*If I were single, I'd still be living in Florida. If I were living in Florida, I'd be in the path of hurricanes. If I were in the path of hurricanes, Jim Cantore from the Weather Channel would come visit. And if I were in Florida, in a hurricane, and Jim Cantore had come to visit, I would go out and get some prime hurricane surfing in, because that's the only time the Atlantic moves its lazy ass, and then when he interviewed me, offer to entertain him in the back of his camera van. Damn, he's hot! And I feel a bit guilty about that crush because I only ever see him when, you know, people are getting killed or seriously hurt and losing their property and stuff, but my annual thing for Jim Cantore is like the first robin of spring--a true sign of a particular season.

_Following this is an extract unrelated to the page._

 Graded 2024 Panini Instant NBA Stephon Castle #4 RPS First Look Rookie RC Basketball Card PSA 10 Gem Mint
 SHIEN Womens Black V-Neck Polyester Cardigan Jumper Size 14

*Yes, I've gone hurricane surfing. Actually, my first time was last year, when all those hurricanes were lined up and heading to the F-L-A. When Charlie came, I was recovering from a myomectomy. Second one, L'Ailee begged me to come up to New York City and stay with her. Third one...well, the doctor had said I could "immerse" in water again, and I was getting so tired of being afraid and being an invalid, so I headed out to enjoy the waves. My gyno's nurse saw me on TV (not the Weather Channel, alas; otherwise I could've told you whether Cantore or that cutie-pie Stephanie Abrams were really that hot in person). My gyno read me the riot act, exclaiming, "By 'immerse', I meant a *bath*! Maybe a dip in the *pool*!" Poor thing pretty much lost it when I explained that it was okay because I was wearing my neoprene wetsuit and thanked her for making it so I could fit into it again...
*It was fun, though. I'd do it again, for anything under a Cat-5.
*I can talk about these things because L'Ailee and I sent out a check for $150 to the Red Cross. The Red Cross is pretty much the only disaster aid charity I trust, and they did a lot for us in Florida last year and a lot for NYC after 9/11. How could we not?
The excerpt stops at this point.